Aim of the task: Write out the following listing's lines from the one with "Jewelry Sets Australian" to the one with "White Crew Neck", exactly, with both included and no others.

Exercise inputs:
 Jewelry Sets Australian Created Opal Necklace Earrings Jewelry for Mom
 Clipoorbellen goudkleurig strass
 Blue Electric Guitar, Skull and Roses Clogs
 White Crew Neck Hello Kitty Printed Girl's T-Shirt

==

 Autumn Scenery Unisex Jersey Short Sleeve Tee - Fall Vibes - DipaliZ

Result of the exercise:
 Jewelry Sets Australian Created Opal Necklace Earrings Jewelry for Mom
 Clipoorbellen goudkleurig strass
 Blue Electric Guitar, Skull and Roses Clogs
 White Crew Neck Hello Kitty Printed Girl's T-Shirt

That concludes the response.